Но к моменту их прибытия в Каменку Бешт уже побывал в микве, и стало ясно, что они опоздали. Тем не менее, им посоветовали просто показаться Бешту на глаза — и тогда без всяких слов он узнает, что за дело привело их в местечко. Сам этот момент весьма красноречиво говорит о том, насколько была велика вера в Бешта, в его способности читать мысли и знать обо всем, что происходит с любым евреем.
Так они и сделали — направились в бейт-мидраш, в котором сидел Бешт, и когда тот увидел их на входе, то махнул рукой: дескать, можете идти дальше по своим делам, я уже все знаю.
И тут р. Пинхас из Кореца узнал, что в Мирополь[271], расположенный по другую сторону реки от Каменки, пришел его отец. Эта весть его немало встревожила — он испугался, что тот специально явится на субботнюю трапезу, чтобы устроить скандал, так как уже давно выражал недовольство пагубным, по его мнению, влиянием, которое Бешт оказывал на сына.
Р. Авраам заверил сына, что не собирается приходить к Бешту, а прочтет субботнюю проповедь в синагоге Мирополя, но утром в субботу неожиданно заявился в бейт-мидраш, где Бешт вел молитву. Больше того — встал рядом со шкафом со свитками Торы и стал очень громко молиться, что выглядело вызывающе — как попытка сбить Бешта с молитвенного настроя. Так в стенах бейт-мидраша явно запахло скандалом.
Бешт никак не отреагировал на вызов, но когда р. Авраам-Аба попытался вслед за Бештом взять второй свиток Торы (это была суббота, когда читается дополнительный отрывок из Торы), то Бешт резко остановил его и сказал кому-то: «Забери у него свиток!».
Самое удивительное было то, что р. Авраам-Аба никак не отреагировал на пережитое унижение, и эта неожиданная сдержанность отца удивила р. Пинхаса. Но еще больше все удивились, когда р. Авраам-Аба явился к Бешту на третью субботнюю трапезу.

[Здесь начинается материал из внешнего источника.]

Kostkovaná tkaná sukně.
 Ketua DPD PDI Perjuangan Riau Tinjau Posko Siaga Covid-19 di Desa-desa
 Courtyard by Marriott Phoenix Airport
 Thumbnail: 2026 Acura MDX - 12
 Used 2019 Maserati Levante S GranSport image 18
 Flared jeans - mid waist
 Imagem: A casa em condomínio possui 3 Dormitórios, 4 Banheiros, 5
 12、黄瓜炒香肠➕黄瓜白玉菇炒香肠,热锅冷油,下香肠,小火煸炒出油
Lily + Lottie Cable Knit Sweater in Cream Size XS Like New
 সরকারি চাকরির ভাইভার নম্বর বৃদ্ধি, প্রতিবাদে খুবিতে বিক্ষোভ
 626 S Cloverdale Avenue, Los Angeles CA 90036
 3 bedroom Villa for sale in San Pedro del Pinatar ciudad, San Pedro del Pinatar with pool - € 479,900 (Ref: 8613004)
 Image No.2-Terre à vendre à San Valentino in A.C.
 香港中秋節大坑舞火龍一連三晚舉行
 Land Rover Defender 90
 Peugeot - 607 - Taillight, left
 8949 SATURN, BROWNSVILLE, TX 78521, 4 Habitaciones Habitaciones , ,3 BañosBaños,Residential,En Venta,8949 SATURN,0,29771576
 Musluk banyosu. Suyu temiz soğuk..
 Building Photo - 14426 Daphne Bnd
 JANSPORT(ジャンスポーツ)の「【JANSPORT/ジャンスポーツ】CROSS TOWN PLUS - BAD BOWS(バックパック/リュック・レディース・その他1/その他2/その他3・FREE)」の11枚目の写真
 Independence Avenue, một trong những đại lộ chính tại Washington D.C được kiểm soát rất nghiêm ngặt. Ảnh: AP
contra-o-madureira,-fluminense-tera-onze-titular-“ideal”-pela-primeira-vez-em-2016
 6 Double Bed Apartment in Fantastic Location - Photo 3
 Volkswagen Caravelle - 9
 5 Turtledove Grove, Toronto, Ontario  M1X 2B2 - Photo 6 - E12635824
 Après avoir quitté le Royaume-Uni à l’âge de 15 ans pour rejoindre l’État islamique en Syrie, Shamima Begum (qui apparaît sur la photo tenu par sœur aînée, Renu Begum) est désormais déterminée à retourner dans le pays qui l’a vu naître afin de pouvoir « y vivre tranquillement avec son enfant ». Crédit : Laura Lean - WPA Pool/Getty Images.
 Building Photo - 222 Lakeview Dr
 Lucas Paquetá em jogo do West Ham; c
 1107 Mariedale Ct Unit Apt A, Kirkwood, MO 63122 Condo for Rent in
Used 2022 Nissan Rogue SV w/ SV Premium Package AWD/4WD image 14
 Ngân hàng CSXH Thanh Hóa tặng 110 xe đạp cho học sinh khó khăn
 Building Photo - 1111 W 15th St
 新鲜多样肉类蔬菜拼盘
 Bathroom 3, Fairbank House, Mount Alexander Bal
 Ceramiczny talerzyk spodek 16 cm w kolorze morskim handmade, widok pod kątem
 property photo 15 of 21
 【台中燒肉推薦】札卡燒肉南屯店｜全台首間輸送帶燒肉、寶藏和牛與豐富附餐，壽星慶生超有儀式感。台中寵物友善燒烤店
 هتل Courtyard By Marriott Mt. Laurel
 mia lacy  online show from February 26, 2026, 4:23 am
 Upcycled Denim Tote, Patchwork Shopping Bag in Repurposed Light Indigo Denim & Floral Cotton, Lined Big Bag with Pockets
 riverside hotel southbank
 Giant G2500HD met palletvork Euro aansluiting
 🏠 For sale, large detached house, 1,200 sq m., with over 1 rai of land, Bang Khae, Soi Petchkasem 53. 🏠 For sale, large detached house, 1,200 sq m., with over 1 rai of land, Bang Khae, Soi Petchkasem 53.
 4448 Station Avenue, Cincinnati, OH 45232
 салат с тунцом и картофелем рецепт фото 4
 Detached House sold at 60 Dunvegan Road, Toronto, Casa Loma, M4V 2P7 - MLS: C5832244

Обычно, когда Бешт приезжал в Каменку он вместе с учениками, местными знатоками Торы и наиболее уважаемыми жителями города проводил третью трапезу в доме, а остальные хасиды накрывали стол на улице.
Увидев р. Авраама, и зная, что о его неприятии хасидизма, сторонники Бешта испугались, что тот начнет перебивать учителя, когда тот станет говорить о Торе, и попытается его сбить. Поэтому они стали усиленно зазывать его за свой стол и даже поднесли стаканчик медовой браги. Брагу р. Авраам выпил, но это его не остановило.
Он вошел в дом, и когда Бешт начал говорить о Торе, р. Авраам-Аба вдруг встал напротив и начал пристально смотреть ему в лицо. Со стороны это опять-таки выглядело оскорбительно, и р. Пинхас был в совершенном отчаянии, понимая все бестактность отца, но не решаясь сделать ему замечание, не нарушив заповеди о почтении к родителям.
Когда Бешт закончил, р. Авраам-Аба молча вернулся на свое место. После церемонии авдалы трапеза продолжилась, и тут Бешт сказал: «Я не собирался об этом говорить, но все же скажу, так как слышал, что в Райском саду этот комментарий передают от моего имени».